Rebecca, who was also the first in her family to graduate from university, believes that women in the construction industry are still under-represented and hopes to encourage others to follow in her footsteps.
“The most interesting aspect of the course was being the only female in my year to be studying Construction Management,” she said.
“This shows that it is still unusual to see female students entering the construction industry, however, hopefully I will go on to prove that females can succeed in this field and that maybe more could be done to encourage females to enter these courses in future.”
Rebecca had always wanted to pursue her interest in design and construction and decided to take a break after leaving high school before applying to her course.
“Having attained the entry grades in 5th year, I decided I was too young to start university so left school and deferred it for a year.
“During that year I got a full time job to build up some savings and develop my confidence.
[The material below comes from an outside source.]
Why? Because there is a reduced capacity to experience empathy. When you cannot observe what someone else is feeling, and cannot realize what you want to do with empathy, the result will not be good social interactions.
I then applied the following year and was accepted with an unconditional offer to study Architectural Technology (AT).”
With her ongoing passion for architecture and design, Rebecca then confirmed her decision by attending the RGU open days, where she was given a great insight into what the courses would offer.
It was during her first year studying AT that she decided she wanted to pursue a slightly different pathway.
“After learning the inner workings of construction projects through my initial year on the AT course, I was drawn towards construction management and decided to change my course of studies in second year.”
The change in course was made easy at RGU’s Scott Sutherland School of Architecture and Built Environment and, as with many courses at the university, the Construction Management course saw her involved in work-based learning, site visits and live projects with real clients.
“The highlights of the course were some alternative methods of teaching where you are required to be outside working with actual construction surveying equipment, which is great experience.
“Other highlights include the many site visit opportunities, chances to attend business conferences, lectures from industry professionals and also lunch and learn activities. Fourth year also had an elective module where I chose to study an introduction into the energy industry which included a visit to a drilling rig.
“I feel as though university has provided me with the skills and capabilities to thrive and continue to learn and adapt into any work environment. The time and effort that I put into my coursework has made me appreciate the level that will be required when entering the workplace.”